Texto e áudios: Matheus Zampieri

 

Nos últimos anos, o Brasil vem passando por um momento de polarização política. Talvez, o ápice dessa polarização tenha sido atingido durante as eleições de 2018. Neste ano, tornaram-se comuns nas redes sociais discussões entre amigos e até parentes sobre assuntos de cunho político. E várias dessas discussões foram marcadas por ofensas, informações falsas e extremismos, com cada um defendendo a todo custo o “seu lado”.

O professor e filósofo político Clodomiro Bannwart acredita que a polarização na política sempre existiu e que ela apenas se tornou mais evidente durante o período de eleições.

 

 

Acompanhado de agentes da PF e da mulher, Bolsonaro vota no Rio.

Jair Bolsonaro votando no Rio de Janeiro durante o segundo turno das eleições de 2018 (Crédito: Tânia Rego/Agência Brasil)

 

O candidato Jair Bolsonaro (PSL) foi eleito presidente da República após receber mais de 57 milhões de votos (55,13% dos válidos) e superar Fernando Haddad (PT) no segundo turno das eleições de 2018. No primeiro turno, Bolsonaro já havia recebido mais de 49 milhões de votos (46,03% dos válidos).
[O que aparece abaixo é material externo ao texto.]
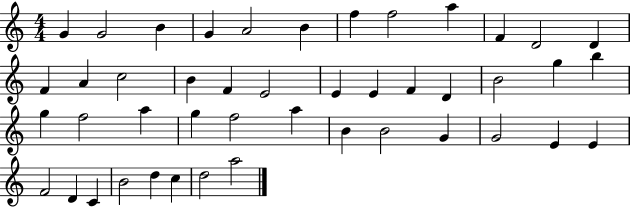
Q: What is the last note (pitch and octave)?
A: A5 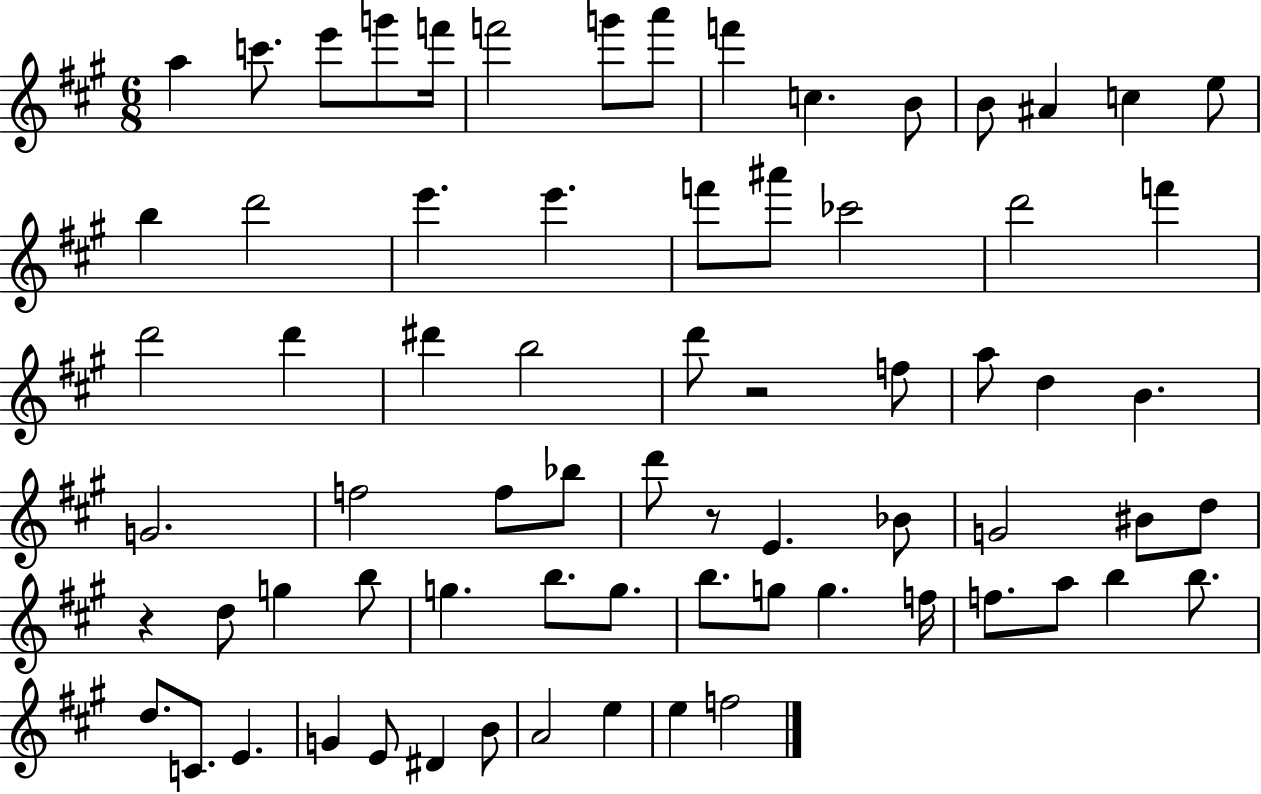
X:1
T:Untitled
M:6/8
L:1/4
K:A
a c'/2 e'/2 g'/2 f'/4 f'2 g'/2 a'/2 f' c B/2 B/2 ^A c e/2 b d'2 e' e' f'/2 ^a'/2 _c'2 d'2 f' d'2 d' ^d' b2 d'/2 z2 f/2 a/2 d B G2 f2 f/2 _b/2 d'/2 z/2 E _B/2 G2 ^B/2 d/2 z d/2 g b/2 g b/2 g/2 b/2 g/2 g f/4 f/2 a/2 b b/2 d/2 C/2 E G E/2 ^D B/2 A2 e e f2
Clodomiro acredita que a aversão de uma grande parcela da população brasileira ao Partido dos Trabalhadores e a descrença dos brasileiros no sistema político do país são alguns dos principais motivos da ascensão de Bolsonaro.

 

 

No município de Londrina, Jair Bolsonaro recebeu um total de 230.473 votos (80,42% dos válidos) no segundo turno. No primeiro turno, ele havia recebido 186.109 votos (65,13% dos válidos). O policial civil Rodrigo Reis é eleitor de Bolsonaro e revelou que optou pelo candidato do PSL, entre outros motivos, por ele nunca ter recebido nenhum processo por corrupção.

 

 

Rodrigo acredita que Bolsonaro pode trazer melhoras ao Brasil através de um desaparelhamento estatal ideológico e de avanços no setor de segurança pública.

 

 

A estudante de direito Nathalia Lima revelou que votou em Fernando Haddad no segundo turno por se identificar com vários aspectos de seu plano de governo. “Votei no Haddad por vários motivos: porque ele apresentou uma proposta de social democracia para o Brasil; foi contra a reforma trabalhista do Michel Temer; é contra a privatização de estatais, como a Petrobras e a Eletrobras; propôs a taxação de grandes fortunas; defende a progressividade dos impostos, como o imposto de renda zero para quem ganha até cinco salários mínimos; e porque foi o ministro da educação que mais criou universidades e escolas técnicas na história.”

Nathalia ainda afirmou que não votou em Jair Bolsonaro por discordar de vários dos seus posicionamentos, principalmente em relação às minorias, mas que espera que o novo presidente da República faça um governo que respeite todos os brasileiros. “Não votei e não votaria de forma nenhuma no Bolsonaro por diversas questões. Não concordo com o posicionamento dele em relação às minorias, como negros, mulheres e LGBTs, e por um posicionamento econômico do Paulo Guedes, pois não vejo na privatização uma solução para o país, muito menos continuar com o sucateamento das nossas estatais. Mas espero que ele faça um governo que ao menos respeite a Constituição e os Direitos Humanos, que não incite a violência e que respeite todos os brasileiros.”